**PROBLEM STATEMENT:** Skip all pictures. Set down only the lines starting at the line containing "kitchen with light" and running to the end of the listing.

**SUPPLIED DATA:**

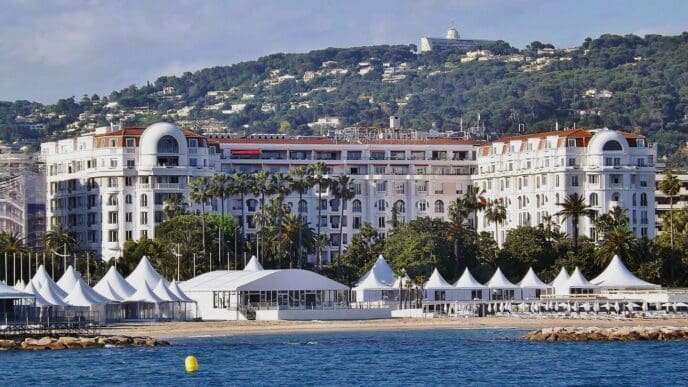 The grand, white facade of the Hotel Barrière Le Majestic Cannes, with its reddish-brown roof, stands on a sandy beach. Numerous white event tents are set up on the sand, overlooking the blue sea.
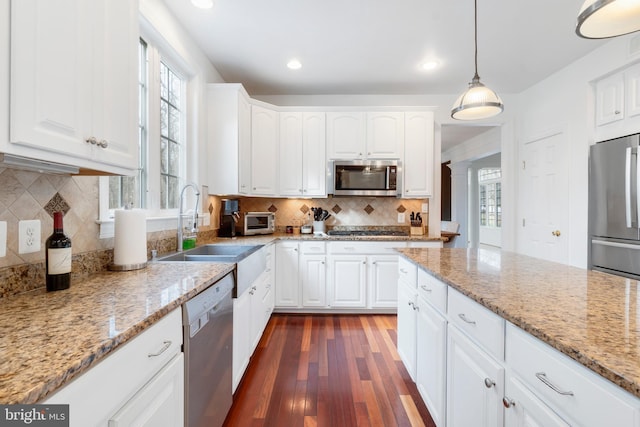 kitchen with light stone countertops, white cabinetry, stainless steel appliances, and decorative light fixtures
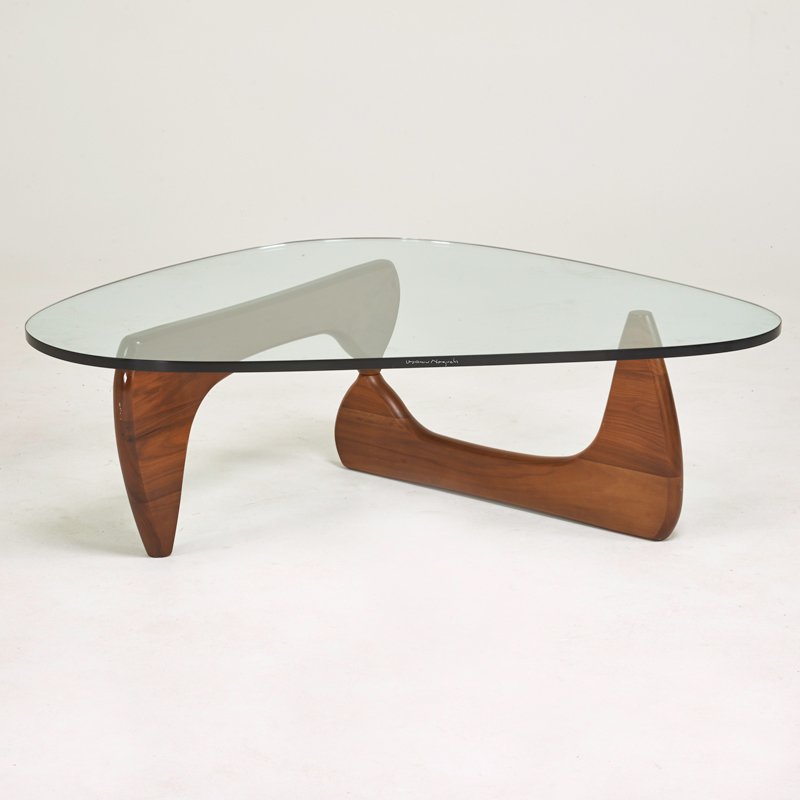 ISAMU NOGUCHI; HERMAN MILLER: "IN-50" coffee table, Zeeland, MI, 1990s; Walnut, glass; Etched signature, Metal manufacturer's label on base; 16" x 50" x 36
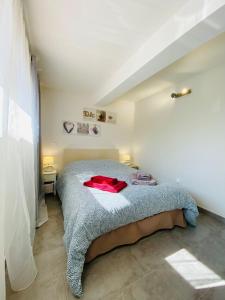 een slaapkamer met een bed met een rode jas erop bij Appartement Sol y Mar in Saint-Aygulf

**THE COMPLETED TASK:**
 kitchen with light stone countertops, white cabinetry, stainless steel appliances, and decorative light fixtures
 ISAMU NOGUCHI; HERMAN MILLER: "IN-50" coffee table, Zeeland, MI, 1990s; Walnut, glass; Etched signature, Metal manufacturer's label on base; 16" x 50" x 36
 een slaapkamer met een bed met een rode jas erop bij Appartement Sol y Mar in Saint-Aygulf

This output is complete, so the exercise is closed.